REKLAMA

Danuta Jazłowiecka

2014-05-26 22:25
publikacja
2014-05-26 22:25

Danuta Jazłowiecka (PO) ponownie została europosłanką. Będzie - tak jak do tej pory - jedyną przedstawicielką Opolszczyzny w PE. Za swoje największe osiągnięcie minionej kadencji uznała dyrektywę wdrożeniową dotyczącą delegowania pracowników, której była sprawozdawcą z ramienia PE.

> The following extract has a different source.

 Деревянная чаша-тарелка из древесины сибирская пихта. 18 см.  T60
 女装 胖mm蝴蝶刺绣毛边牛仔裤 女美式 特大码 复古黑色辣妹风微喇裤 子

Ta dyrektywa wzmacnia obowiązujące unijne przepisy dotyczące pracowników delegowanych, czyli tych, którzy w ramach umowy o pracę wyjeżdżają tymczasowo za granicę, aby tam pracować nadal dla swojego pracodawcy. Nowe przepisy poprawiają ochronę praw pracowników delegowanych i regulują środki kontroli firm delegujących.

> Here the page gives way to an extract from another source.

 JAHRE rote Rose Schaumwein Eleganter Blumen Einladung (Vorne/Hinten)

Europa potrzebuje mobilności. Delegowanie to jej najbezpieczniejsza forma. Nie powoduje drenażu mózgów, a daje szansę na zdobywanie doświadczenia" - podkreślała Jazłowiecka.Europoseł podczas swojej pierwszej kadencji w PE organizowała też m.in. staże, praktyki studenckie i wolontariaty, by - jak tłumaczyła - wspierać młodych ludzi na początku drogi zawodowej.

Wiosną tego roku zrobiło się o niej głośno po tym, jak poseł Patryk Jaki (Solidarna Polska) zarzucił jej, że nie angażuje się w sprawy regionu, a efektem jej działalności jest "rosnące konto i lexus". Jazłowiecka ripostowała na antenie Radia Opole, że samochód jest z 2009 roku, ma przejechane 300 tys. km i wart jest dwadzieścia, może dwadzieścia kilka tysięcy".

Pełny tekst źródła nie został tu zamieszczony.